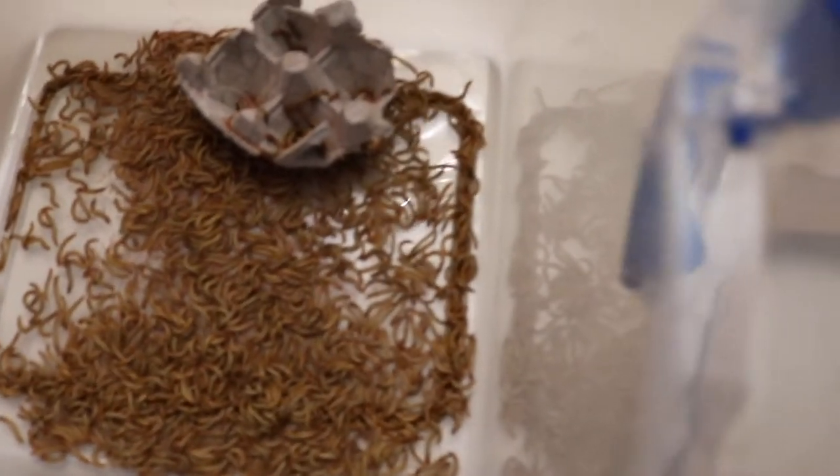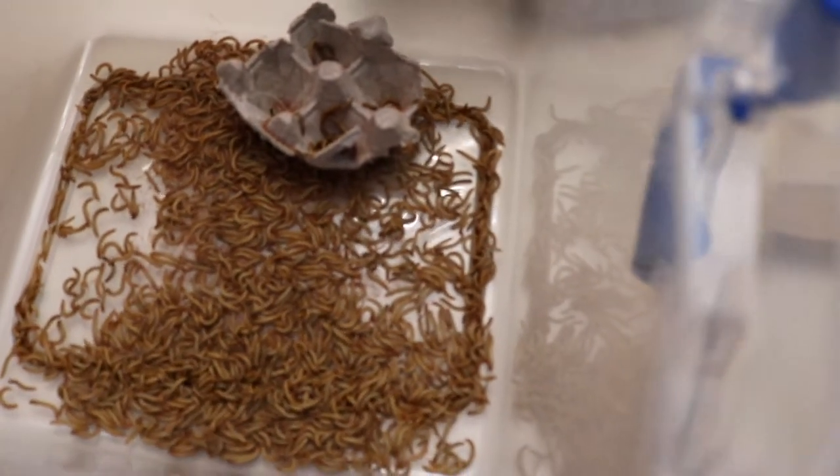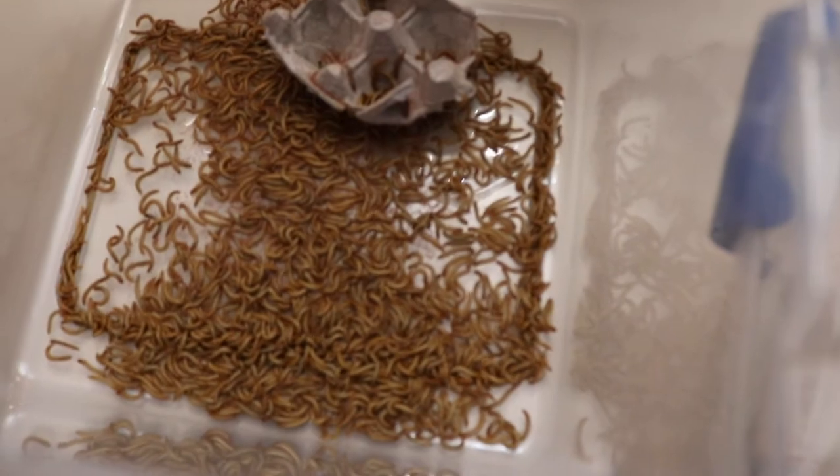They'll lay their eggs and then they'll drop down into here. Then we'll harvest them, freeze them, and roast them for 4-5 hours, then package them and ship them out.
-------------------------
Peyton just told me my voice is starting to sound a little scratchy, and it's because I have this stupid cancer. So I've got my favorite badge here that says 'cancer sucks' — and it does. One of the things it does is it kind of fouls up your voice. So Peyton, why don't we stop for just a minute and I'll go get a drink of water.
-------------------------
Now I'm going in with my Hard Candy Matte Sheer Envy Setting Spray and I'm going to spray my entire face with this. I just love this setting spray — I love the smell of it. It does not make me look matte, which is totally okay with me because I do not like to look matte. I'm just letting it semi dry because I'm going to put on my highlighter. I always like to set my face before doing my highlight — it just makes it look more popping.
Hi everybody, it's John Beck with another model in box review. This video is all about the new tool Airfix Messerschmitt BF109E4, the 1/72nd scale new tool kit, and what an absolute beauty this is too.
-------------------------
▶ WHAT YOU ARE ASKED TO DO: Your task is to transcribe, with no changes, only the lines of the listing above that lie between the line holding "Now I'm going" and the line holding "Hi everybody, it's", inclusive.

▶ ANSWER TO THIS PROBLEM:
Now I'm going in with my Hard Candy Matte Sheer Envy Setting Spray and I'm going to spray my entire face with this. I just love this setting spray — I love the smell of it. It does not make me look matte, which is totally okay with me because I do not like to look matte. I'm just letting it semi dry because I'm going to put on my highlighter. I always like to set my face before doing my highlight — it just makes it look more popping.
Hi everybody, it's John Beck with another model in box review. This video is all about the new tool Airfix Messerschmitt BF109E4, the 1/72nd scale new tool kit, and what an absolute beauty this is too.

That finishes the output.